Photo by Greg Rakozy on Unsplash
Earlier this week, as I was walking and waiting for word on my mother-in-law, I was listening to a speech about Augustine, or St. Augustine as he is often known. Two things struck me about how Augustine viewed and verbalized his beliefs. The first one is found in the opening to his letters of Confessions.
Great are you, O Lord, and exceedingly worthy of praise; your power is immense, and your wisdom beyond reckoning. And so we humans, who are a due part of your creation, long to praise you—we who carry our mortality about with us, carry the evidence of our sin and with it the proof that you thwart the proud. Yet these humans, due part of your creation as they are, still do long to praise you. You arouse us so that praising you may bring us joy, because you have made us and drawn us to yourself, and our heart is unquiet until it rests in you. Grant me to know and understand, Lord.
So often when we hear this work quoted we skip right into what he is confessing and miss the reason he is confessing. There are many things we could look at in this opening, but time and space do not permit it. However, let’s summarize a few things: we are here because God created us; we are limited to our time on this earth; we are sinful, yet we long to praise God. Then on the flip side he describes the Lord: He is great, powerful, worthy of praise, and so forth. But I think the last few lines are so important. Augustine recognizes that God is the one that “arouses us” to praise Him, so we can have joy, and we will never be at rest until we find our place in Him.
The second is Augustine’s view that we place our affections, devotions, and attention to things we find lovely. “Do we love anything but the beautiful?”(Book 4) This is only one example of this teaching, but for our time and purposes it serves us well.
As I think about what life was like for my mother-in-law, I think about how she did, in fact, devote her life to what she found beautiful. For one, she had enough books to fill her own bookstore. No doubt when you walked in her home you could see her love for books, for it was on display everywhere. In her mind, books were a lovely part of her life.
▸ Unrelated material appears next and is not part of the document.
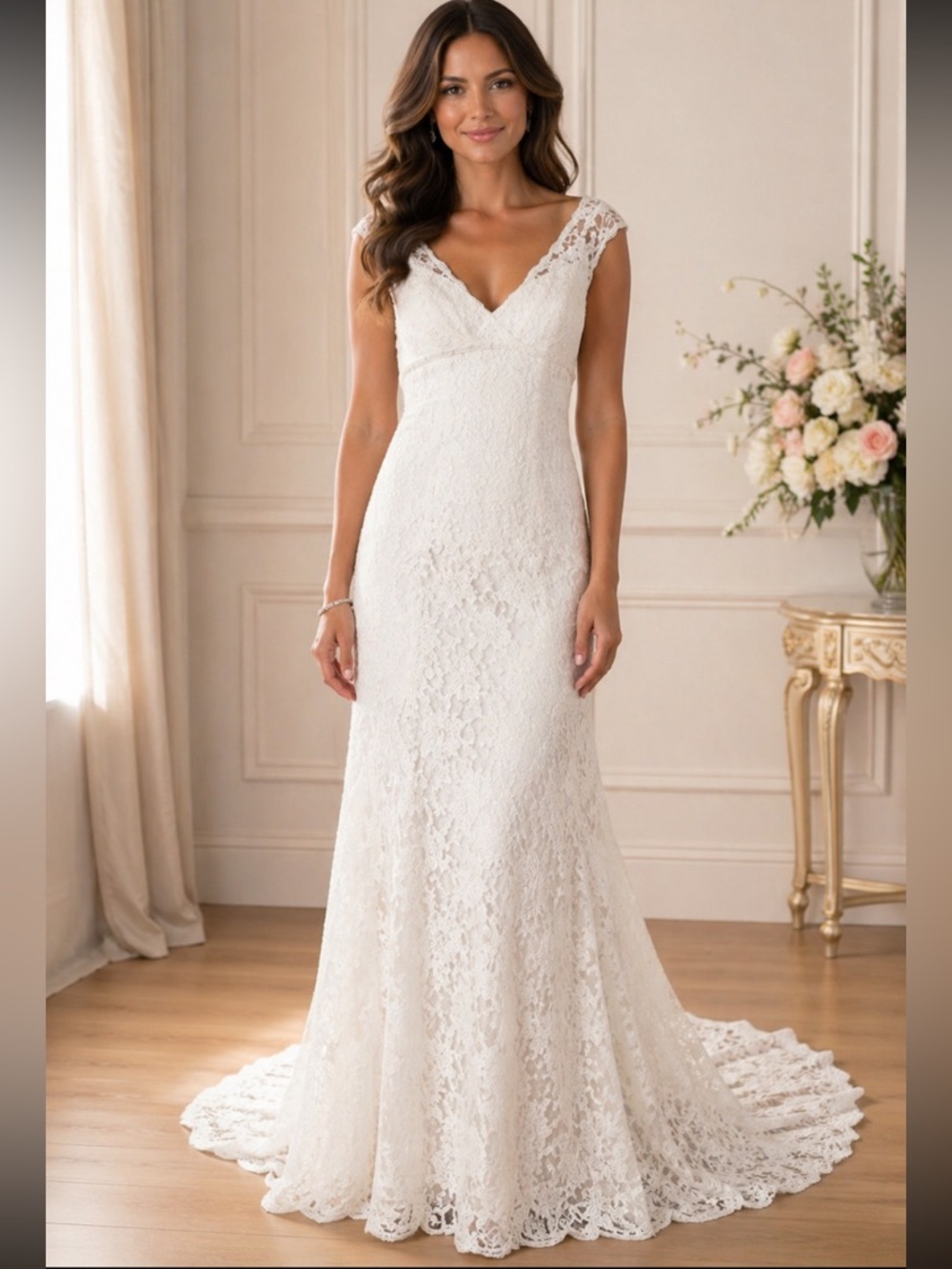 David’s bridal wedding all over beaded lace gown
However, Augustine says that his sin wasn’t always in what he found lovely, but that his sin was in his seeking pleasure and truth in places that were not God.
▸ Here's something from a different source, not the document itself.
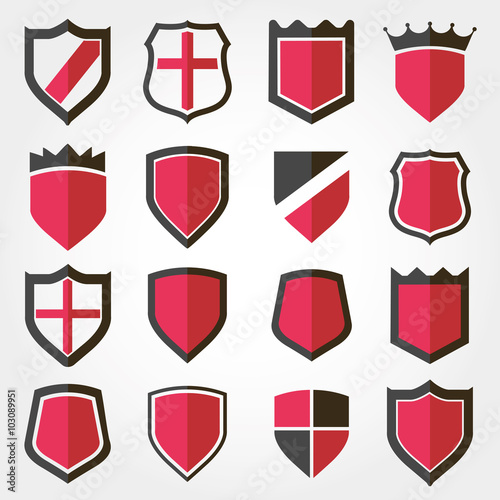 shield vector set icon
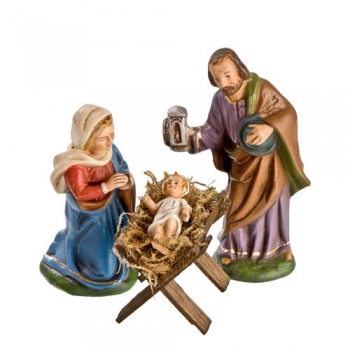 Heilige Familie, 3 Figuren mit Holzkrippe   403/25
I lived in misery, like every man whose soul is tethered by the love of things that cannot last and then is agonized to lose them.
For it was my sin, that not in Him, but in His creatures—myself and others—I sought for pleasures, sublimities, truths, and so fell headlong into sorrows, confusions, errors.
What does this have to do with our passage today?
He who loves money will not be satisfied with money, nor he who loves wealth with his income; this also is vanity. Ecclesiastes 5:10
That sounds like exactly what Augustine was alluding to. The love of money will not satisfy. This world will not satisfy. Why? Because we weren’t created to love things, but rather, we were created to love and honor and worship and be in relationship with the Lord.
When we spend our life seeking satisfaction outside of the Lord and His will and ways, we will always wind up lacking. The things that our life is filled with must be partnered with an understanding of how God has blessed us with those things. We praise Him and thank Him for the gifts that He gives, but we also seek Him. For in Him and Him alone do we find the purpose of why we were created to be in a relationship with Him. That’s why Augustine writes and asks the Lord to “grant him to know and understand.”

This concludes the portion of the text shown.